Aus meiner Sicht eine etwas einfache Sicht moderner Paarbeziehungen. Denn spätestens wenn Minder da sind wird ja meist zu einer Rollenverteilung, nach der einer der Partner mehr Kinderbetreuung macht, der andere eher das Familieneinkommen erwirtschaftet, zurückgekehrt.

Und natürlich kann man den eigenen Partner auch dann stärken, wenn beide arbeiten. Jeder erzählt dann eben seine Sorgen und der andere versucht sich damit auseinander zu setzen, sie zu lösen oder auch einfach nur noch einmal zuzuhören. Natürlich bringt ein eigenes Einkommen Selbständigkeit, aber das muss nicht dazu führen, dass man den anderen nicht mehr unterstützten möchte.

Und auch vorher konnte ein Partnerschaft Managementsache sein. Denn man musste eben auch da die unterschiedlichen Bereiche miteinander abstimmen und die Beziehung verwalten. Es wird auch in früheren Zeiten genug Ehen gegeben haben, in denen die Ehepartner sich nicht mehr viel zu sagen gehabt haben und nebeneinander hergelebt haben und der eine die Sorgen des anderen nicht verstehen konnte, weil es ganz verschiedene Welten waren. Oder der Partner, der zu Hause geblieben ist, hat sich mit dem allein sein überfordert gefühlt oder später einfach gelangweilt, den ganzen Tag mit einem Säugling zusammen.

Liebe braucht das Mysterium – und dafür ist heute weniger Raum denn je. Das Mysterium entsteht aus der Ungleichheit. Denn dort wirken die Anziehungskräfte. Es geht nicht um das gerecht Geteilte, sondern um das dunkle Ungleiche. Mit der romantischen Liebe ist es vorbei. Wir befinden uns in der Phase des Übergangs in die Zeit der gleichberechtigten Bedürfnisbefriedigung. Nichts spricht dafür, dass Frauen und Männer das gemeinsam hinbekommen wollen.

Frauen und Männer werden nicht gleicher, wenn sie beide arbeiten.
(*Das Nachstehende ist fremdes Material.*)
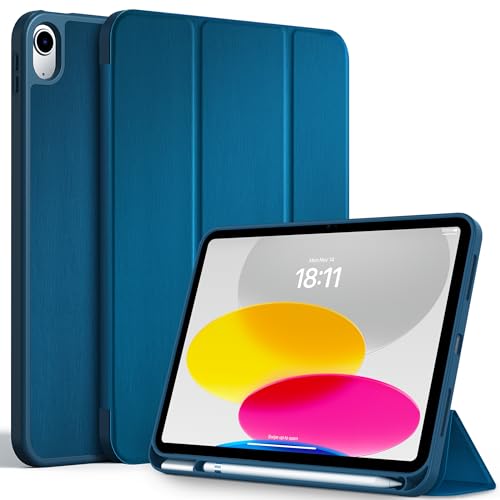 CACOE Hülle für iPad 10 Generation Hülle mit Stifthalter 10.9 Zoll 2022 A2757/A2777, Ultradünne Weicher TPU Rückseite Abdeckung Schutzhülle mit Standfunktion - Pfauenblau A von CACOE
Sie haben mit hoher Wahrscheinlichkeit verschiedene Jobs, verschiedene Arten damit umzugehen und das Mysteriöse in einer Beziehung entsteht nicht dadurch, dass einer die Kinder versorgt. Es entsteht aus den Eigenarten von Mann und Frau.

Und natürlich war auch gerade die frühere Ehe eine starke Bedürfnisbefriedigung: Er wollte eine Frau, die für Haushalt, Kinder und Sex sorgt und sie wollte eine Versorgung, weil sie selbst nicht arbeiten durfte. Was kann mehr ein Bedürfnismanagement sein?

Neue Freiheiten sind insoweit auch eine Chance für die Liebe. Mit mehr Unabhängigkeit werden wir freier für Partner, die wir sexuell, geistig und auf einer persönlichen Eben wollen. Es erlaubt eine Wahl abseits finanzieller Interessen, die natürlich zu ihren eigenen Problemen führt.

Aber deswegen muss die Romantik und die Liebe nicht sterben.